Nature reserve in Argyll and Bute, Scotland

Glasdrum Wood (Coille a’ Ghlasdroma) is national nature reserve (NNR) at the head of Loch Creran in Argyll and Bute on the west coast of Scotland. Managed by NatureScot, the wood is renowned for its diverse flora and fauna, including sessile oak and ash trees, mosses, liverworts and rare invertebrates, like the chequered skipper butterfly. The NNR covers an area of around 169 hectares, encompassing woodland and hillside on the lower slopes of Beinn Churlain. A carpark and 1 km-long waymarked trail are provided for visitors. Since 2004 the reserve has received approximately 2800 visitors each year.

==History==
Glasdrum has been actively managed by people since at least the 17th century and probably from much earlier. The remains of charcoal platforms and a limekiln, which date from the 18th and 19th centuries provide evidence of industrial activity that required large quantities of wood. During this period Glasdrum was managed by coppicing, under a system by which scattered mature oak and ash trees and were left standing, with the intervening space used to allow oak and other underwood to be cut at 10-15 year intervals. Oak was the favoured species, due its strength, and the fact that bark could be used in the tanning process. Species such as birch, alder, willow and hazel were known as "black woods", which were often not considered worth protecting.

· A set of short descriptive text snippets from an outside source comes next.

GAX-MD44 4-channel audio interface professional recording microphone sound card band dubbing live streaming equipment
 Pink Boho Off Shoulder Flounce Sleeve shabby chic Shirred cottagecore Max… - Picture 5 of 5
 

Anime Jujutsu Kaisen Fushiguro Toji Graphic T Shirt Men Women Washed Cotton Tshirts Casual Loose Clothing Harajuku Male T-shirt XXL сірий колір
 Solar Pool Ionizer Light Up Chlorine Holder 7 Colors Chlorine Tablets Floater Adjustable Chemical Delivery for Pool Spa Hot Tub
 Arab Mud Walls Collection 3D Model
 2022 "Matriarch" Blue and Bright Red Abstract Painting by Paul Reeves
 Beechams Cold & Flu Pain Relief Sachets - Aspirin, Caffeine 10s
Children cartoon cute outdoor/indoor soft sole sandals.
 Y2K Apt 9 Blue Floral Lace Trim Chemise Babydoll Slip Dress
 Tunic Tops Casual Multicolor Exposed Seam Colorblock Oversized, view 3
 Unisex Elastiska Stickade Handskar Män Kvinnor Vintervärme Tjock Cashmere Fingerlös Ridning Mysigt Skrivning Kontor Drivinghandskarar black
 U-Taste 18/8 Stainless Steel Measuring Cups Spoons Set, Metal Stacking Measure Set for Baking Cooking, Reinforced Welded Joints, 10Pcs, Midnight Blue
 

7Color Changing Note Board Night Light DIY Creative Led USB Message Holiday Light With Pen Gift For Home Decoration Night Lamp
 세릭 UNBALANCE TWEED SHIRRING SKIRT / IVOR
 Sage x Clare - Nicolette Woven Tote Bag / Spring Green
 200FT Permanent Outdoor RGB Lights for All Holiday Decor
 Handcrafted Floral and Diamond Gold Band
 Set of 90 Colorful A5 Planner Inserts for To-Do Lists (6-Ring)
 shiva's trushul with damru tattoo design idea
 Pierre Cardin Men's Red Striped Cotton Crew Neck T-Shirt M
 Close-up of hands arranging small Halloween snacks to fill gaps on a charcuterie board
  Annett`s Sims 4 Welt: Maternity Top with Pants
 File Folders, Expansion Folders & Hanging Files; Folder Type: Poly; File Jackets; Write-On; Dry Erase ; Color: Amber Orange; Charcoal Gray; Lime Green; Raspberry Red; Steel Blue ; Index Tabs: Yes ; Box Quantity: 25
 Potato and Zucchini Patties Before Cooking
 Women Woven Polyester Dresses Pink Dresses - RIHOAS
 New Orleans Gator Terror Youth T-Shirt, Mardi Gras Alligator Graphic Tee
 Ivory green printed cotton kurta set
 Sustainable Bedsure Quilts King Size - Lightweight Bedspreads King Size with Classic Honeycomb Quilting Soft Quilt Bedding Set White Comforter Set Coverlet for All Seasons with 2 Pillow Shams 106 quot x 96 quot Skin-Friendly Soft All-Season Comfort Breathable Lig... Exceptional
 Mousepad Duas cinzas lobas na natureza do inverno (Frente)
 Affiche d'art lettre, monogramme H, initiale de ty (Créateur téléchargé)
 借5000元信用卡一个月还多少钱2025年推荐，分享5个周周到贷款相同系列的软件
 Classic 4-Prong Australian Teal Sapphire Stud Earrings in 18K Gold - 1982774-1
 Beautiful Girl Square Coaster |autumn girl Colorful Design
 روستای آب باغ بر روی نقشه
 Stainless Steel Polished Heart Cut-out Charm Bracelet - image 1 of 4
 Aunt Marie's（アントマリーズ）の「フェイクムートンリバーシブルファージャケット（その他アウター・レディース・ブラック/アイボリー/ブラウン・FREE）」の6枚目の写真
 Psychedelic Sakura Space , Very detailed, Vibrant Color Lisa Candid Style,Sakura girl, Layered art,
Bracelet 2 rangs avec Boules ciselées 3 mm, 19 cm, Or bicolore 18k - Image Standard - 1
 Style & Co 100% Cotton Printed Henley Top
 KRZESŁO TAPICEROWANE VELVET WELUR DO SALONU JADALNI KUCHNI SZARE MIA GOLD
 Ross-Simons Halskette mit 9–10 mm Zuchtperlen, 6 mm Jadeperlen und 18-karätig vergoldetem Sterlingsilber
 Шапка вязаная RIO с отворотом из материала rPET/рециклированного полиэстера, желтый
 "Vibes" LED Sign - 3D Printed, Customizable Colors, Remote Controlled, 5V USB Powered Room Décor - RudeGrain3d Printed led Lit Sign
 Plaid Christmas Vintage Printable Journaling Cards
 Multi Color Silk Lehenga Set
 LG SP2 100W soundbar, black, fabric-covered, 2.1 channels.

The woods at Loch Creran were acquired by the Forestry Commission in the 1950s and early 1960s. The commission enclosed part of Glasdrum Wood with a deer fence, and began to clear the deciduous woodland to plant conifer species. In 1962 the Nature Conservancy Council (NCC), predecessor to NatureScot, leased a 17-ha area alongside the road to protect the native woodland. This land was purchased by the NCC and declared a national nature reserve in 1967. In 1976, the NCC purchased a further 152 ha of the adjoining land, which was declared an extension of the national nature reserve a year later. All land in the Glasdrum Wood National Nature Reserve is now owned by NatureScot.

==Flora and fauna==
Glasdrum Wood NNR comprises ancient sessile oakwoods, interspersed with ash, birch and alder. Lying within the Glen Creran Woods Site of Special Scientific Interest and Special Area of Conservation, the region has an outstanding variety of lichen species, including four globally-vulnerable species and 66 nationally scarce species. The climate and humid woodland habitat also provide good conditions for mosses and liverworts to thrive.

Glasdrum NNR has an impressive range of invertebrate species and is renowned as one of the best butterfly sites in Scotland, with 21 of the 34 species recorded in Scotland present at the reserve. This includes the rare chequered skipper butterfly, a priority United Kingdom Biodiversity Action Plan species that was declared extinct in England in 1976. Over 200 moth species have also been recorded at the reserve, including some nationally scarce species such as the barred tooth-striped.

==Other designations==
Glasdrum Wood forms part of the c. 700 ha Glen Creran Woods, which are protected as both a Site of Special Scientific Interest and a Special Area of Conservation. The NNR is designated a Category IV protected area by the International Union for Conservation of Nature.